Difference vs the Standard Interest Receipt
| Approach | Voucher | Documentation | When to Use |
|---|---|---|---|
| F6 Receipt with Interest Received credit | Single combined entry | One voucher records both principal and interest collection | Day-of-payment, you're collecting both together |
| Alt+F8 Debit Note (Interest mode) + F6 Receipt later | Two separate vouchers — DN today, Receipt when paid | Debit Note prints as a formal interest demand | You're invoicing interest BEFORE you've collected it; you want a printed demand to send the party |
Practice Exercise
Exercise: CloudStore Online, Bangalore owes ₹1,90,000 (due June 1). They pay on June 16 — 15 days late. Sunrise Retail charges 18% p.a. Calculate the interest and record the receipt.
Show Solution
Calculation:
Tally entry:
Key Terms
| Term | Meaning |
|---|---|
| Interest Calculation | Tally feature to auto-compute overdue interest on party ledger balances |
| Simple Interest | P × R × T — interest on principal only; standard for trade credit |
| Compound Interest | Interest on principal + accumulated interest — for financial agreements |
| Overdue Days | Days beyond the agreed credit period |
| Interest Received | Income account — Indirect Income — charged to overdue customers |
| Interest on Late Payment | Expense account — Indirect Expenses — paid to suppliers for late payment |
| Due Date | Invoice date + credit period days — Tally calculates overdue from this |
Module Summary
- Enable interest:
F11 → Accounting Features → Activate Interest Calculation: Yes - Configure per ledger: set rate, period (per year), and method (simple/compound)
- TechWorld payable: ₹13,45,200 overdue 10 days @ 18% p.a. = ₹6,634 interest expense
- Digital Hub receivable: ₹5,28,640 overdue 15 days @ 24% p.a. = ₹5,213 interest income
- View report:
Reports → Statements of Accounts → Interest Calculations → Ledger - Record interest paid as Indirect Expense; interest received as Indirect Income
Checklist before moving on:
- F11 → Activate Interest Calculation: Yes
- TechWorld ledger: 18% p.a. simple interest configured
- Digital Hub ledger: 24% p.a. simple interest configured
- Interest on Late Payment ledger created under Indirect Expenses
- Interest Received ledger created under Indirect Income
- Interest report checked for TechWorld — ₹6,634 showing
Quick Quiz
1. Simple interest for ₹1,00,000 overdue 30 days at 18% p.a. is:
- a) ₹1,800 (30-day month basis)
- b) ₹1,479 (365-day basis)
- c) ₹3,000
- d) ₹18,000
Answer
b) ₹1,479 — ₹1,00,000 × 18% × 30/365 = ₹1,479.45. Always use 365-day basis unless the agreement specifies 360 days.

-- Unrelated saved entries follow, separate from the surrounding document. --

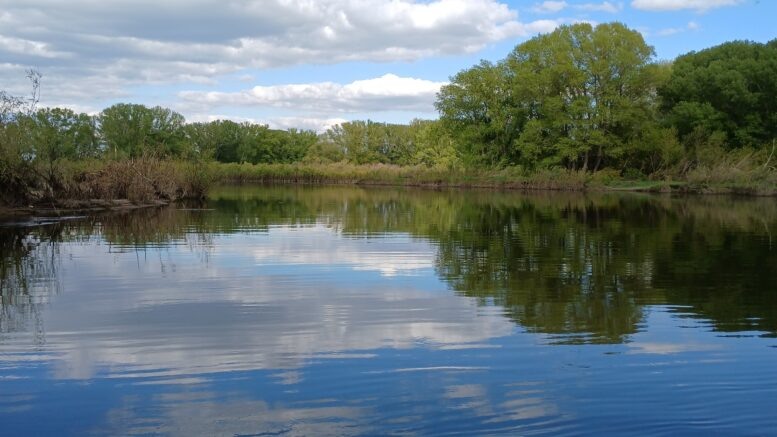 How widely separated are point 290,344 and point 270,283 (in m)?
4.43

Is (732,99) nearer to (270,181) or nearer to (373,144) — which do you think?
(270,181)

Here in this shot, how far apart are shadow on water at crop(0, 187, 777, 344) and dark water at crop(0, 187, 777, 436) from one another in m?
0.08

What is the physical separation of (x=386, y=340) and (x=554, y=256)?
871cm

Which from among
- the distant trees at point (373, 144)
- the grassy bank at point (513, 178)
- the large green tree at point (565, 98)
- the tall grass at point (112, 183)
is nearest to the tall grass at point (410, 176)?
the grassy bank at point (513, 178)

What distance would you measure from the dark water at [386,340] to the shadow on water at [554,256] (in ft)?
0.27

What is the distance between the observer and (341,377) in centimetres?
677

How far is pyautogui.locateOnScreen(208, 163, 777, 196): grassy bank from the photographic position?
4894 cm

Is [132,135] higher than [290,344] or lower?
higher

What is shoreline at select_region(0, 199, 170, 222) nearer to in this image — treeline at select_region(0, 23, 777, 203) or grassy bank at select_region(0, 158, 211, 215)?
grassy bank at select_region(0, 158, 211, 215)

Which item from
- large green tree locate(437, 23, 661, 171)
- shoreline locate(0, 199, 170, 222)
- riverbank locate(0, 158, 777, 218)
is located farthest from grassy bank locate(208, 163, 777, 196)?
shoreline locate(0, 199, 170, 222)

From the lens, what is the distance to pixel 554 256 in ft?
52.6

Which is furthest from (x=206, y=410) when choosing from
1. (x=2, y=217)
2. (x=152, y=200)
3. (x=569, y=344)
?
(x=152, y=200)

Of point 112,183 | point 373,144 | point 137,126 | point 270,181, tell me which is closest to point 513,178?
point 270,181

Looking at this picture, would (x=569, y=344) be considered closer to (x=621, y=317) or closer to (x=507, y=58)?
(x=621, y=317) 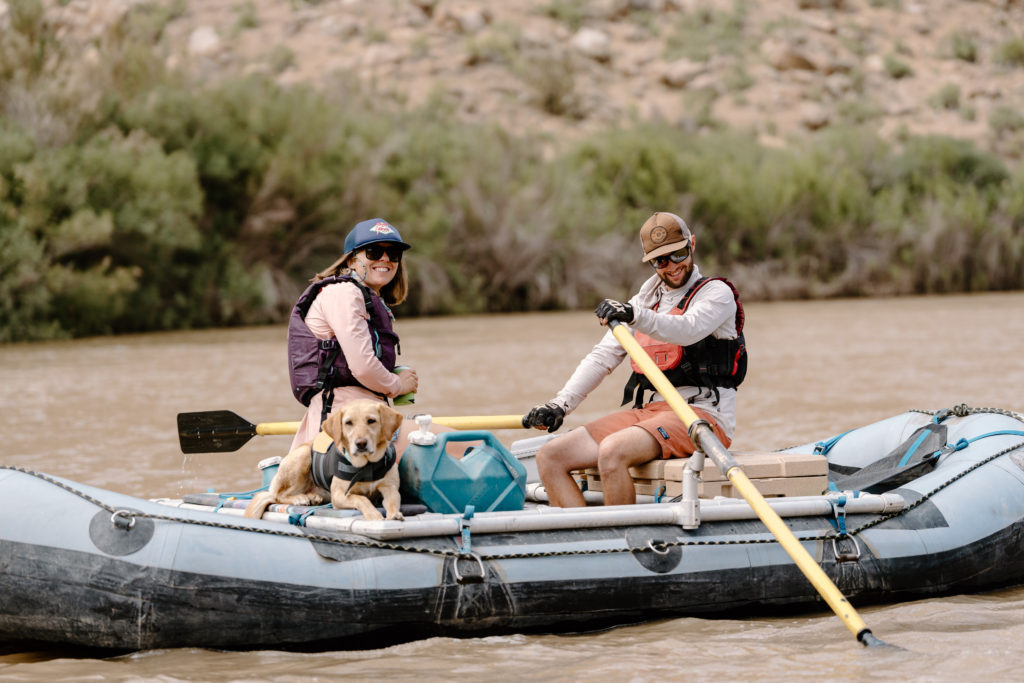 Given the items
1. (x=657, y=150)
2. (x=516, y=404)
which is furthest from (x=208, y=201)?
(x=516, y=404)

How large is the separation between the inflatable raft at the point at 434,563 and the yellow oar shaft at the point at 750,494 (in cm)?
28

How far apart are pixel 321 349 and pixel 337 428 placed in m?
0.54

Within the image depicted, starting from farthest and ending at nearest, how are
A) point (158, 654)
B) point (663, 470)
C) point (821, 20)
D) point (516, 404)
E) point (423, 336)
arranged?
point (821, 20)
point (423, 336)
point (516, 404)
point (663, 470)
point (158, 654)

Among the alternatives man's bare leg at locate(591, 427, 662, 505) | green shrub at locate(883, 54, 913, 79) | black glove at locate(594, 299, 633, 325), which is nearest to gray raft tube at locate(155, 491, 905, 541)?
man's bare leg at locate(591, 427, 662, 505)

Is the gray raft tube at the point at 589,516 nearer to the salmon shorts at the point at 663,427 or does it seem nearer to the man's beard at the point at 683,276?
the salmon shorts at the point at 663,427

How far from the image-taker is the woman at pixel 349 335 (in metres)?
5.73

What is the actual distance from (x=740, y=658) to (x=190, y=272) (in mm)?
19967

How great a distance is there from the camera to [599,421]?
20.7 feet

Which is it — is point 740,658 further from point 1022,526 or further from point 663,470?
point 1022,526

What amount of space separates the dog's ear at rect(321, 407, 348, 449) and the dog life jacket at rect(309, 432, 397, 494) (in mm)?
55

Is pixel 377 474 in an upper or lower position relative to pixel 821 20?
lower

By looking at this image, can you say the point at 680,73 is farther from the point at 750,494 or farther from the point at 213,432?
the point at 750,494

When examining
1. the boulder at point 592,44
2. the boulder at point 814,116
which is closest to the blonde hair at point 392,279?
the boulder at point 814,116

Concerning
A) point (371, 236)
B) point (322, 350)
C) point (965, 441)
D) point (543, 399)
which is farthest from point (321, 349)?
point (543, 399) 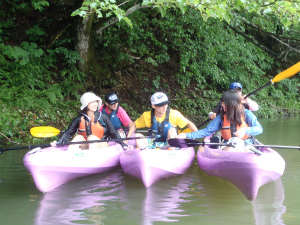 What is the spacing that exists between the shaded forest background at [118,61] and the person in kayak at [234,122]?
4718 millimetres

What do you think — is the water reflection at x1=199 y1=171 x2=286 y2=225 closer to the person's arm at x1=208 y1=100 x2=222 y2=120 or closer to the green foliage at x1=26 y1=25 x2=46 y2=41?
the person's arm at x1=208 y1=100 x2=222 y2=120

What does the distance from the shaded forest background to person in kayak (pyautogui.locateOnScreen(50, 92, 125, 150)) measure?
10.0 ft

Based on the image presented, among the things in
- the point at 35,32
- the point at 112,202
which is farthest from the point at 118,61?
the point at 112,202

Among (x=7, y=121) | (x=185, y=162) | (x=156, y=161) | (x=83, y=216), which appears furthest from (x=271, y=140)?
(x=83, y=216)

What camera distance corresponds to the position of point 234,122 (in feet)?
17.0

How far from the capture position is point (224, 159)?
478cm

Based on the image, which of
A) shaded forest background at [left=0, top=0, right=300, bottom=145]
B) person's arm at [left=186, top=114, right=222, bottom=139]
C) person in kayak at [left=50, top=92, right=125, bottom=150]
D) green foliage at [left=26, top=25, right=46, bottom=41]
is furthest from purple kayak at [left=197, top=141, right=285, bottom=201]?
green foliage at [left=26, top=25, right=46, bottom=41]

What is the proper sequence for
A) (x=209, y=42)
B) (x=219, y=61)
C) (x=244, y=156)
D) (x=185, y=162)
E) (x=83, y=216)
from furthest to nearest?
(x=219, y=61) → (x=209, y=42) → (x=185, y=162) → (x=244, y=156) → (x=83, y=216)

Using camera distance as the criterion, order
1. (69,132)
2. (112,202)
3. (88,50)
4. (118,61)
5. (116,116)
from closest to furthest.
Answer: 1. (112,202)
2. (69,132)
3. (116,116)
4. (88,50)
5. (118,61)

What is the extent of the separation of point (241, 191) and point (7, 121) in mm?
5730

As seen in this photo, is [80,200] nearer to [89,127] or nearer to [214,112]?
[89,127]

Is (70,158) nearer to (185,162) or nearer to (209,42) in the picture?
(185,162)

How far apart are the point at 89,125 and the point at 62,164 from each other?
92 cm

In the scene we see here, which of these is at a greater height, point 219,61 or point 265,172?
point 219,61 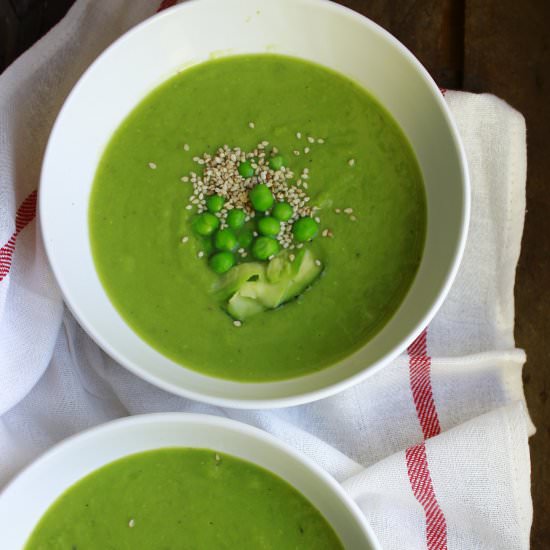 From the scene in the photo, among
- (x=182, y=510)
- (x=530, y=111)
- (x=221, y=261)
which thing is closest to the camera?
(x=221, y=261)

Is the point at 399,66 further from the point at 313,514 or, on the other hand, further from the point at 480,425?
the point at 313,514

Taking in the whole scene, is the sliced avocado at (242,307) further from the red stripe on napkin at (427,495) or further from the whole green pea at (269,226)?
the red stripe on napkin at (427,495)

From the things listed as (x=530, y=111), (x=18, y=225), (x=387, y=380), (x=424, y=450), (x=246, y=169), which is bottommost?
(x=424, y=450)

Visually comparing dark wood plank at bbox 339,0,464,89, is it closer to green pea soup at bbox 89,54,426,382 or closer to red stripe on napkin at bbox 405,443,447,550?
green pea soup at bbox 89,54,426,382

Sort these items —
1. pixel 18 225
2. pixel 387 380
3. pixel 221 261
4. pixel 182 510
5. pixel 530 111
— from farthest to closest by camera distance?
pixel 530 111
pixel 387 380
pixel 18 225
pixel 182 510
pixel 221 261

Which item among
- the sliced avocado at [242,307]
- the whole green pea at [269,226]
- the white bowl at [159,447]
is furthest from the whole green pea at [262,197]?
the white bowl at [159,447]

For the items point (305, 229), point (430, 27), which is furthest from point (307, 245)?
point (430, 27)

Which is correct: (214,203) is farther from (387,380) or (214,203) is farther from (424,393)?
(424,393) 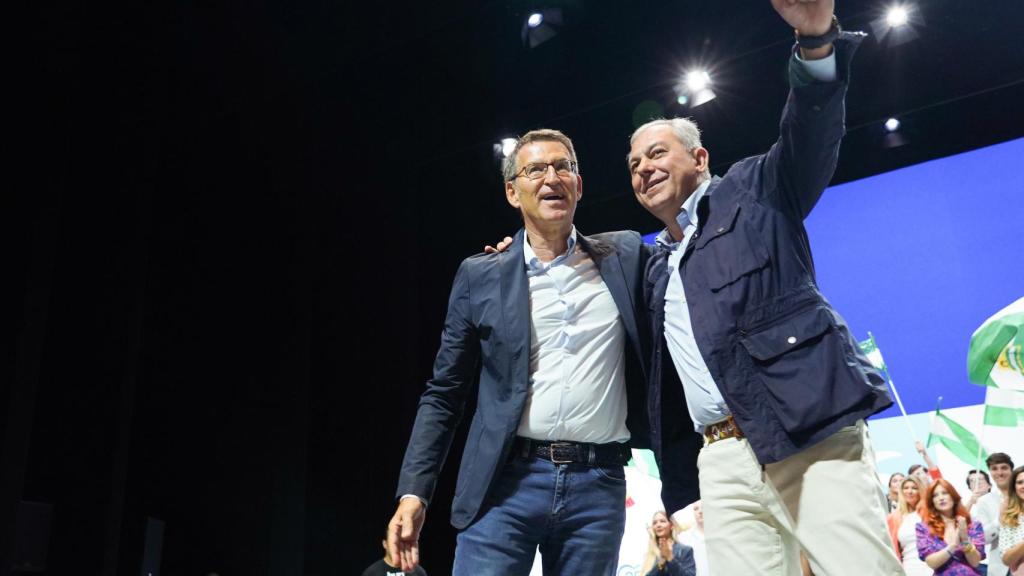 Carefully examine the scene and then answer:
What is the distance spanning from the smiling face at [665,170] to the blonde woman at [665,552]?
13.4ft

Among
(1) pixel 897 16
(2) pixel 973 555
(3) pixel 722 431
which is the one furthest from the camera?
(1) pixel 897 16

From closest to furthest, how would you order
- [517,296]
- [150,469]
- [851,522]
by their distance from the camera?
[851,522] → [517,296] → [150,469]

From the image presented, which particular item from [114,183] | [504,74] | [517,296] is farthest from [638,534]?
[517,296]

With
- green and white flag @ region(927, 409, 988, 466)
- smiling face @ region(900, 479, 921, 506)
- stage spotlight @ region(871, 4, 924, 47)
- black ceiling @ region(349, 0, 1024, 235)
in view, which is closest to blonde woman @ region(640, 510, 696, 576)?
smiling face @ region(900, 479, 921, 506)

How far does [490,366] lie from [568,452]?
300 mm

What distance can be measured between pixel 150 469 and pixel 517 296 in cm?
407

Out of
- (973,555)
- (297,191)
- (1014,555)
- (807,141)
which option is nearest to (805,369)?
(807,141)

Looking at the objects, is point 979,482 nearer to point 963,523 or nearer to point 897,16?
point 963,523

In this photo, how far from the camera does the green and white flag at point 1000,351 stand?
4.91 meters

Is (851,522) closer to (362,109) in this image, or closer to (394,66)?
(394,66)

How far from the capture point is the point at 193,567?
546 centimetres

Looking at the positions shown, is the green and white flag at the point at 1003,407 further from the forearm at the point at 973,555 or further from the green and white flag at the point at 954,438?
the forearm at the point at 973,555

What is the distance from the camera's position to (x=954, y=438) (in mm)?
5035

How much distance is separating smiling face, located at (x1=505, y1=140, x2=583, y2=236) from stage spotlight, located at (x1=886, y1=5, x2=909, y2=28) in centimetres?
398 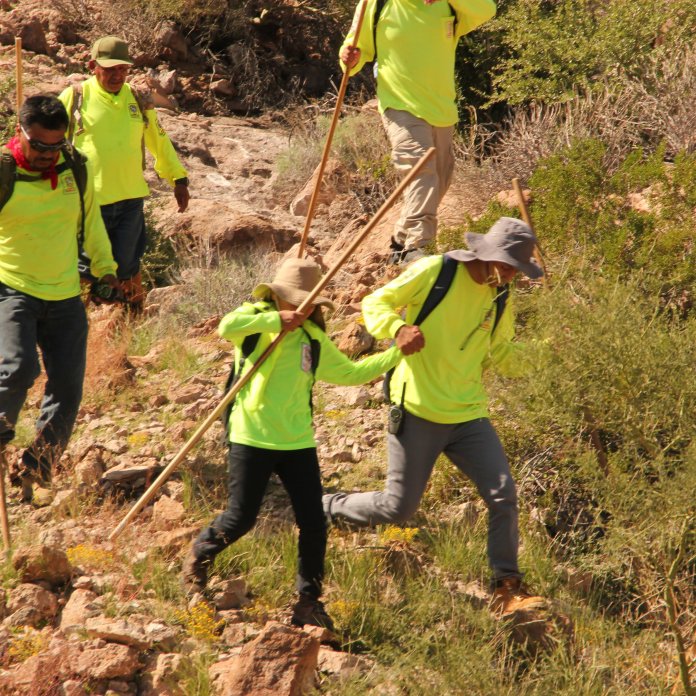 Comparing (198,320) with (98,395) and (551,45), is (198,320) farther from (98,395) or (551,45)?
(551,45)

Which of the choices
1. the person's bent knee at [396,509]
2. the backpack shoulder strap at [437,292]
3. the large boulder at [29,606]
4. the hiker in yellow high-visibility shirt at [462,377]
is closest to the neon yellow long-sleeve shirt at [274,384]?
the hiker in yellow high-visibility shirt at [462,377]

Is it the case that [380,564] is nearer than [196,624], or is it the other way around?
[196,624]

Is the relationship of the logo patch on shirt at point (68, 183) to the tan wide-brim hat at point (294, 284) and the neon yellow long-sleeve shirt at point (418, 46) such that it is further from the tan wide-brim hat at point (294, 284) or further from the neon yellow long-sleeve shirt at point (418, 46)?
the neon yellow long-sleeve shirt at point (418, 46)

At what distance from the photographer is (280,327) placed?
4.87m

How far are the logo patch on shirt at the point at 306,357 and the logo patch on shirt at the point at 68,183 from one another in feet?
5.30

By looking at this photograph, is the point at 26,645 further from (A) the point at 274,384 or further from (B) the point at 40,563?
(A) the point at 274,384

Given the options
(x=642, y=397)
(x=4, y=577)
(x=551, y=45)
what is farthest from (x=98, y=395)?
(x=551, y=45)

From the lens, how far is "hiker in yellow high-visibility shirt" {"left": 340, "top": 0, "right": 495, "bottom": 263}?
717cm

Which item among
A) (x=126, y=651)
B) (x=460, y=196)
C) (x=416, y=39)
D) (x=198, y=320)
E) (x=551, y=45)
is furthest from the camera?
(x=551, y=45)

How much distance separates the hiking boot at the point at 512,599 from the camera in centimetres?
515

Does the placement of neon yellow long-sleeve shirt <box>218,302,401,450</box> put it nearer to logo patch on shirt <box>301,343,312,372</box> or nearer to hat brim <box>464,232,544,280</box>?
logo patch on shirt <box>301,343,312,372</box>

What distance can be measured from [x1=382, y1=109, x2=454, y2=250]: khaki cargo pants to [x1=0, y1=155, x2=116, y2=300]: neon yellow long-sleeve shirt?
2.27m

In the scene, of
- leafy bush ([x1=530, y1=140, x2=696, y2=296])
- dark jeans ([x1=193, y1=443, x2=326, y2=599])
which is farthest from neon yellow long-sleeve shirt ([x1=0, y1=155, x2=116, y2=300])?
leafy bush ([x1=530, y1=140, x2=696, y2=296])

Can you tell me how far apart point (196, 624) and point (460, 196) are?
5.13m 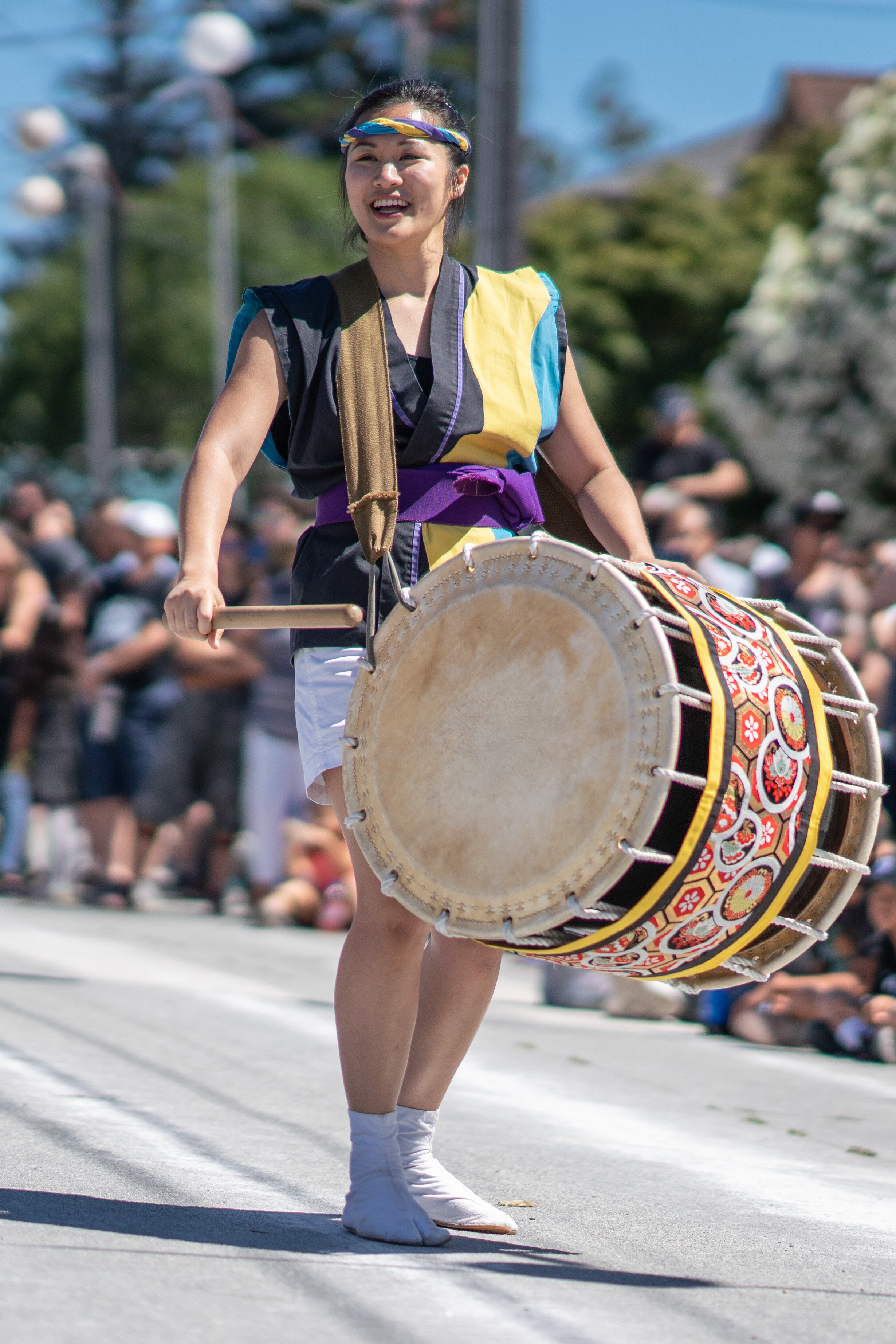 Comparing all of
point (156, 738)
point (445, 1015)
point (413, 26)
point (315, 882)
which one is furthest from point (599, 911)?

2. Interest received from overdue customers is classified under:
- a) Direct Income
- b) Indirect Income
- c) Direct Expenses
- d) Sundry Debtors
Answer
b) Indirect Income — interest received is non-trading income. It goes in the P&L under Indirect Income, below gross profit.
3. Tally calculates interest automatically when:
- a) You press F11 only
- b) Interest is activated in F11 AND configured in the individual ledger master
- c) You run the BRS report
- d) A payment voucher is entered
Answer
b) Both steps are needed: (1) F11 → Activate Interest Calculation: Yes at company level, AND (2) configure rate and method in each party's ledger master. F11 alone enables the feature; ledger configuration tells Tally what rate to apply to each party.